And when they're talking about doing something hardware-specific I would take that to be about the MMU on certain platforms. Platforms with an MMU and where the processor is executing code in a virtual address space can generate an access violation if the program code reads data at a virtual address that is not mapped to a specific segment of physical memory.

Even when a program runs in a physical address space, the processor may be configured with an address space that is significantly larger than the actual block of memory and registers on the memory bus. And this matters because if you have a 32-bit processor but the upper 3 gigabytes of the address space don't map to a register file or RAM then it's hardware-dependent what happens when you read from those addresses.

Some hardware will roll the map over and read from somewhere in the available section of the address space based on the offset, and some hardware will treat that as an error which triggers an access violation. Some hardware will bug out and do something completely unexpected. It's undefined behavior what happens in this case. It has everything to do with how your specific chip, mainframe, or minicomputer is wired. And that's what they're referring to.

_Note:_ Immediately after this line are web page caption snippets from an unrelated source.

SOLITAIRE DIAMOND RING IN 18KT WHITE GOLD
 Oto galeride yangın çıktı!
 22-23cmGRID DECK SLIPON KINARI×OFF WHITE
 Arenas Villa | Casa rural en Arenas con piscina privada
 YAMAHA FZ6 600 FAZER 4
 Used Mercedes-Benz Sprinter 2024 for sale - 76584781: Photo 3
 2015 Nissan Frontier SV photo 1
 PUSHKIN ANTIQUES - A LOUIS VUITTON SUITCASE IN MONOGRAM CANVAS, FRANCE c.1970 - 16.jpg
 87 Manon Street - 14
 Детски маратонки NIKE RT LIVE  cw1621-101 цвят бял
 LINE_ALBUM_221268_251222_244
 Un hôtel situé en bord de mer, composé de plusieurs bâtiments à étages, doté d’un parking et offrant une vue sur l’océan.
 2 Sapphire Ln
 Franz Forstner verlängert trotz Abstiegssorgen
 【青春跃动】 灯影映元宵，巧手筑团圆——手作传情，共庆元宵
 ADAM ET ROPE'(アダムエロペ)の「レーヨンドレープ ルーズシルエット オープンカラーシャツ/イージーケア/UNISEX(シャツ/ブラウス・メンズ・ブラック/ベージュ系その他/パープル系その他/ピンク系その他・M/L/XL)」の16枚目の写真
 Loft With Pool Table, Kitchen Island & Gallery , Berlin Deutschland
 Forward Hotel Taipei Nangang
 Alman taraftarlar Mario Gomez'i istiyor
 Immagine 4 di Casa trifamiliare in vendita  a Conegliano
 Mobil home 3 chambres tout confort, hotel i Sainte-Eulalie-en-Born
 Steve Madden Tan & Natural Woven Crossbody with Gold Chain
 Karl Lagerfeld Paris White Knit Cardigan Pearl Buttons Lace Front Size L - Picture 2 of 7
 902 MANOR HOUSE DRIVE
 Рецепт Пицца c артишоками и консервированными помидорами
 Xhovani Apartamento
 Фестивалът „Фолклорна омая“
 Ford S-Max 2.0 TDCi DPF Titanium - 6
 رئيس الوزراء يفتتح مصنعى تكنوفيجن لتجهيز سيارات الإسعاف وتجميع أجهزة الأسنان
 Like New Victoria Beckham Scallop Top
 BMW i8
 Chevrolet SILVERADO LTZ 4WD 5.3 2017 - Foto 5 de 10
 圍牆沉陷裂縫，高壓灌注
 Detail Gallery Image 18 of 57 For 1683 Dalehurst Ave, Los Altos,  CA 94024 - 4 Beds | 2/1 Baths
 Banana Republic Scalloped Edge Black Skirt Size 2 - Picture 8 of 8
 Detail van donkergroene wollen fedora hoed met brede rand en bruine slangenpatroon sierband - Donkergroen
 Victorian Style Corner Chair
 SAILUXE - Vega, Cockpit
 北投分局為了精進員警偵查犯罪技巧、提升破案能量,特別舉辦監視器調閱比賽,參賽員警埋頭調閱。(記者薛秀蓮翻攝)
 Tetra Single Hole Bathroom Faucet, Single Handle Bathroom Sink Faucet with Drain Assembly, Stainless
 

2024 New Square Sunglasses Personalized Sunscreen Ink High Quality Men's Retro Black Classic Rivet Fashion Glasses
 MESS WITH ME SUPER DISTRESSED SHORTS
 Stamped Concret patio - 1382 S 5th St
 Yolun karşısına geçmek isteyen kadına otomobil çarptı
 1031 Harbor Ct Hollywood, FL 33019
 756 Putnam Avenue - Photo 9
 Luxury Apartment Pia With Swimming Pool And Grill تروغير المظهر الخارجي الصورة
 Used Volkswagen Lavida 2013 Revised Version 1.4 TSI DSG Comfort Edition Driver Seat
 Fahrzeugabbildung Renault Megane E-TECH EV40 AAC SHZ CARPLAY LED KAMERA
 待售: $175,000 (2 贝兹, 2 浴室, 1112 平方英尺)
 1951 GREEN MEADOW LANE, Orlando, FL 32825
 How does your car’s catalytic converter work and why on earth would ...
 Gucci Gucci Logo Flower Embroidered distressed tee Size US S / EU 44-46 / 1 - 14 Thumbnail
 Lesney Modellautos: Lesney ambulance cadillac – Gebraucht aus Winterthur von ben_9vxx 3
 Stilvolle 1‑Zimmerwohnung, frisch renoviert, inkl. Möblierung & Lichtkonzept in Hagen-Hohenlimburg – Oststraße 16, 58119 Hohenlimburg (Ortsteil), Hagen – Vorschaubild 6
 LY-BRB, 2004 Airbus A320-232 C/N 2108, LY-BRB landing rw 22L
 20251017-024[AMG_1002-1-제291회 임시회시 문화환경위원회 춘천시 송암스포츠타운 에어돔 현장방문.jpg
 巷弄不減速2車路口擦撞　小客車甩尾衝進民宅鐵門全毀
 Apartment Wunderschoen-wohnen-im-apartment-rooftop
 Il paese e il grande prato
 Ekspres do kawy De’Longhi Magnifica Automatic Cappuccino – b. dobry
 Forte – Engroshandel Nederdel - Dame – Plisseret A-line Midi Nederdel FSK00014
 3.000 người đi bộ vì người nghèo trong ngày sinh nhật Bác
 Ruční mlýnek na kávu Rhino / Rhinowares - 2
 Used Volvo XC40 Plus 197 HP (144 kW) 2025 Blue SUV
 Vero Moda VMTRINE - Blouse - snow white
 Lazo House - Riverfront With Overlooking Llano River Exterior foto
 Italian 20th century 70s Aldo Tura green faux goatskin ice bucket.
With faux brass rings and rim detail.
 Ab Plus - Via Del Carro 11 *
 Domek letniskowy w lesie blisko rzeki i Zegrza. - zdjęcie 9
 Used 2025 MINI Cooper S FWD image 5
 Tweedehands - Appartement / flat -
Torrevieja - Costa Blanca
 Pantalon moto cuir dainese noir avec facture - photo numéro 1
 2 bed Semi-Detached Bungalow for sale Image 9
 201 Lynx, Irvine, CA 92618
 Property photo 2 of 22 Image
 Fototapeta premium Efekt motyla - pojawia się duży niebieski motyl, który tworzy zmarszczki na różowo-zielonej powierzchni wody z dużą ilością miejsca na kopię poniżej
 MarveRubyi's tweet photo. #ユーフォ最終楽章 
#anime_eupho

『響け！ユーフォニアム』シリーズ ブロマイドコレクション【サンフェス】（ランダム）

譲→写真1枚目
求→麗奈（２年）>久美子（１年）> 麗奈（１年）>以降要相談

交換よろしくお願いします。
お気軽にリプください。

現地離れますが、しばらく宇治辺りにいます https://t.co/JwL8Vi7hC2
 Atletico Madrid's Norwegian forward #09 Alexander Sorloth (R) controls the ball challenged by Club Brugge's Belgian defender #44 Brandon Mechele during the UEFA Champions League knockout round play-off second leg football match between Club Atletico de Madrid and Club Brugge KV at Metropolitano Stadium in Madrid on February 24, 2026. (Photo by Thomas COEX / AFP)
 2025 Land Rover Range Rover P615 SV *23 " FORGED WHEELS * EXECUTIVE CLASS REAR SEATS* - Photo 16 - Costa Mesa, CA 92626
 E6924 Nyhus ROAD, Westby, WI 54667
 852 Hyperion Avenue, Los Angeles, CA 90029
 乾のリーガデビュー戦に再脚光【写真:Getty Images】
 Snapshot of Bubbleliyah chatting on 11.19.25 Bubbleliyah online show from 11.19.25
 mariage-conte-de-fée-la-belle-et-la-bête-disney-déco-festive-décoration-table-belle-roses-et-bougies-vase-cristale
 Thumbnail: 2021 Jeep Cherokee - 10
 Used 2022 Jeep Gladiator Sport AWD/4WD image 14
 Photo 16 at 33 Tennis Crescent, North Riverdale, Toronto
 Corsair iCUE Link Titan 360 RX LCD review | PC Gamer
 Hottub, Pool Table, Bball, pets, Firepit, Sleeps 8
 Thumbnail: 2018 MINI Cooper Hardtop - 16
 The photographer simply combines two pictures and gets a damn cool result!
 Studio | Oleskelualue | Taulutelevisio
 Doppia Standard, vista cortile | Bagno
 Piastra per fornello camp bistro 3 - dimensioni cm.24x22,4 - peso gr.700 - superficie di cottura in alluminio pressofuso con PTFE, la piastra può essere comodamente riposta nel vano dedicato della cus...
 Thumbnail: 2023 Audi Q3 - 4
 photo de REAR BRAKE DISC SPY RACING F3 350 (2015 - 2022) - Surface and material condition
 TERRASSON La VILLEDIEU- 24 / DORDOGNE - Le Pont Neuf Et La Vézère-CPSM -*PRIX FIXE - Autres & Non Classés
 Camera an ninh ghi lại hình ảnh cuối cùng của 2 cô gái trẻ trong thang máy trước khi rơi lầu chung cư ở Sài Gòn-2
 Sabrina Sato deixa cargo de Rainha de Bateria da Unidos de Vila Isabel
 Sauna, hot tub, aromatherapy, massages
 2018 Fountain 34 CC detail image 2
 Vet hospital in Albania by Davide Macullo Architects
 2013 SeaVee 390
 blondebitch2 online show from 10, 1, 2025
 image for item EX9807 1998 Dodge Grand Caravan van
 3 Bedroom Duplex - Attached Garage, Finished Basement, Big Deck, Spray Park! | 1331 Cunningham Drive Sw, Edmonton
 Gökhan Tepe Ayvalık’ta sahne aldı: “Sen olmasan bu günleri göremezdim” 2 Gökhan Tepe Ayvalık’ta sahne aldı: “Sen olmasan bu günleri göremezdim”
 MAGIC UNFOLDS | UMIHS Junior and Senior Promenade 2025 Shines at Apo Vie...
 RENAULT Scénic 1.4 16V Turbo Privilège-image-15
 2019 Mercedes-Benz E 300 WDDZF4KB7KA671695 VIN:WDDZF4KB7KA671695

Undefined behavior does not mean "do whatever you want," it means "do what the hardware would probably do in this situation, or do whatever can be reasonably expected." And that's important here because that means that UB is not carte blanche to violate the programmer's expectations here.



As far as the standard's goes, you're interpreting undefined behavior to mean unspecified behavior -- behavior that's well-defined, but whose definition "depends on the implementation" (in this case, your hardware). I mean, I can't stop you if you want to read it that way, but you're literally interpreting it to mean exactly what they did not intend it to mean... that's why they chose separate terms and explicitly told you undefined behavior is allowed to be unpredictable, rather than being required to be implementation-dependent.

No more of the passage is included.